Re: [GIT PULL] RISC-V updates for v7.0

From: Deepak Gupta

Date: Thu Feb 26 2026 - 16:04:34 EST

Hi Peter,

Responses inline.

On Thu, Feb 26, 2026 at 02:23:42PM +0100, Peter Zijlstra wrote:

On Wed, Feb 18, 2026 at 05:57:45PM -0800, Deepak Gupta wrote:

x86 doesn't have any equivalent BTI bit in PTEs to mark code pages. IIRC, it
does have mechanism where a bitmap has to be prepared and each entry in bitmap
encodes whether a page is legacy code page (without `endbr64`) or a modern code
page (with `endbr64`). And CPU will consult this bitmap to suppress the fault.

So; all of this is only ever relevant for programs that are mixing CFI
and !CFI code. If a program has no CFI, all good. If a program is all
CFI enabled, also all good.

If it starts mixing things, then you get to be 'creative'.

Now the thing is, if you start to do that you need to deal with both
forward CFI (BTI) and backward CFI (shadow-stack) #CF exceptions. That
bitmap, that can only deal with BTI, but doesn't help with shadow
stack, so its useless.

My proposal was to ignore that whole bitmap; that's dead hardware, never
used. Instead use a software PTE bit, like ARM has, and simply eat the
#CF look at PTE and figure out what to do.

IIRC, arm has hardware PTE bit saying this is a guarded page. That can be kept
in ITLB as part of virt addr translation during instruction fetch. So whenever
indir_call --> target happens, if target translation was already in ITLB, CPU
already knows whether to suppress the fault or not, without going to kernel.

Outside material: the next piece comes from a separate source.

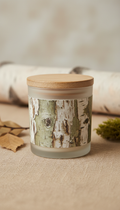 Birch Moss natural wax candle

In x86 case, using a software PTE bit would be different. There will be a fault
always and kernel won't be able to make a decision on what to do. It'll need
some delegating authority to make that decision. That delegating authority can
be a signal handler in userspace which may need a bitmap/auxilliary data
structure of sort to make that decision whether target address is a taken target
or should not be taken.

So decision point is either

- do a software bitmap or
- hardware bitmap (legacy interworking bitmap)
(both will be slow).

OR

Just don't allow/support that configuration to enable CFI. And put onus on
workload owner to do the work to enable the feature.

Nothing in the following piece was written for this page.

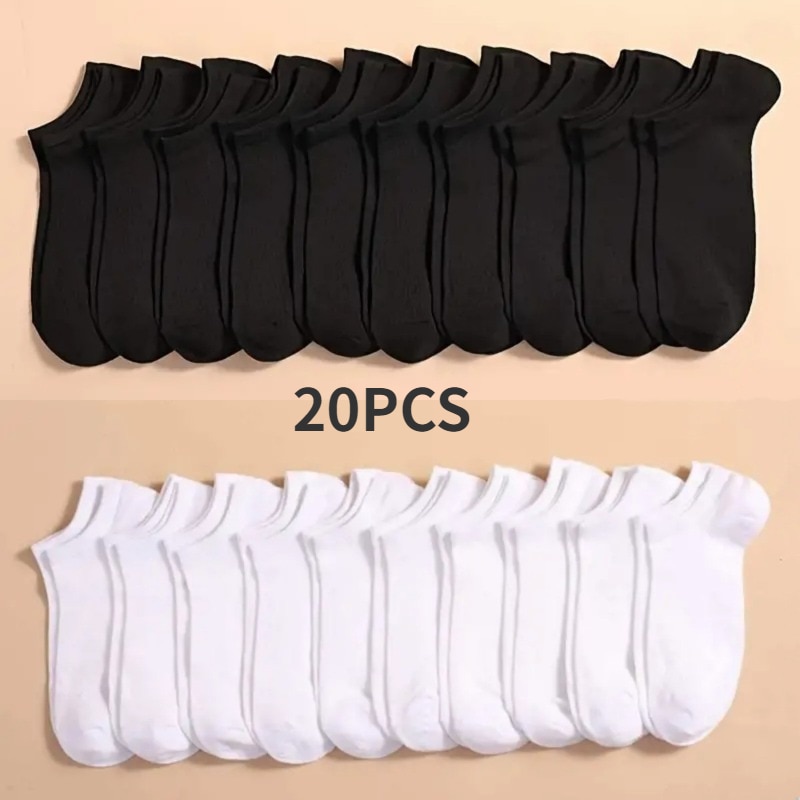 10 Pairs Unisex Casual Plain C - Ankle Sock Low Cut review and price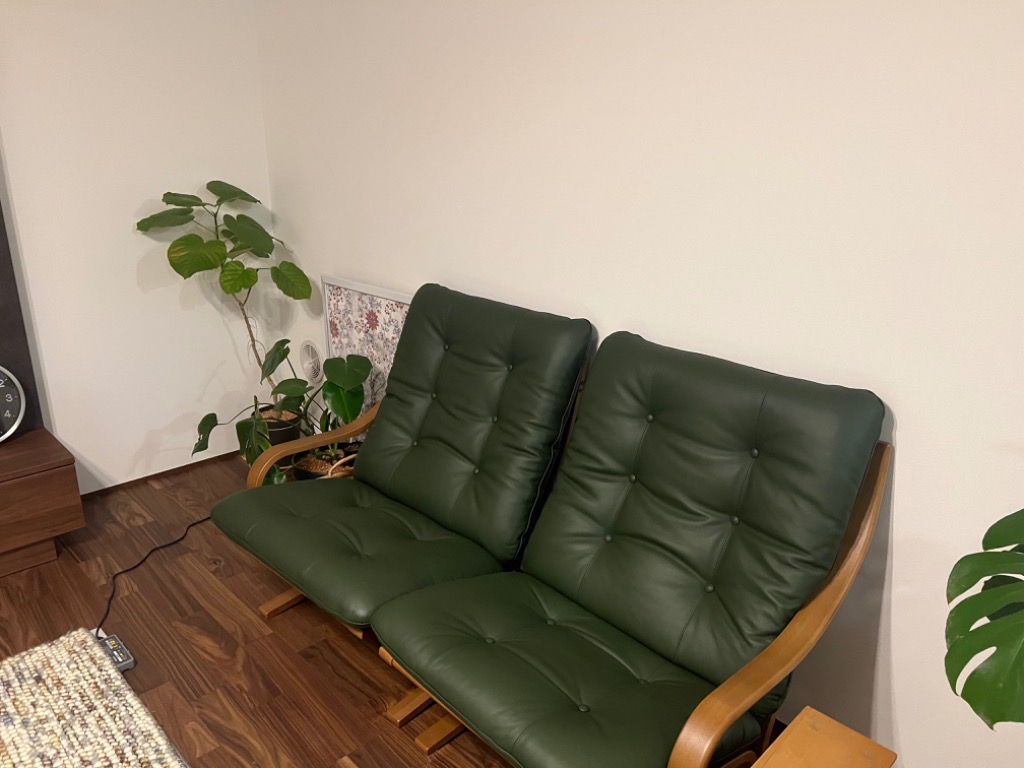 FUJI FURNITURE 冨士ファニチア Agio ソファ 3シーター 緑 冨士ファニチア 32万「Agio/アージオ」セパレート3P トリプルソファ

Sidenote: I wish we were able to convince someone certain in Redmond to give a
sw bit back and this all would have been nicer. Given there wasn't a lot of
traction from open source for this feature, it was mostly a redmond driven
feature.

Yes, this is 'slow', but my claim is that this doesn't matter. There are
2 ways out of this slow-ness:

- fully disable CFI for your program (probably not the thing you want,
but a quick fix, and not really less secure than partial CFI anyway).

- fully enable CFI for your program (might be a bit of work).

The whole mixed thing is a transition state where userspace doesn't have
its ducks in a row. It will go away.

I have spent 8 years defining features to kill class of low-level exploits back
at Intel. And then next 6 years in places where software is deployed on these
CPUs.
I am a security engineer and would have loved to get these features enabled.
But in all honesty, I am yet to see anyone at these places (hyperscalars)
willing to give up an ounce of perf budget (1-2% demands discussion and strong
justification) for enabling just the shadow stack feature.

So my advise would be not to care about enabling path where there is a perf hit.

Keep it simple
- Enable when all binaries have feature awareness.
- Disable when there is one binary with no feature awareness.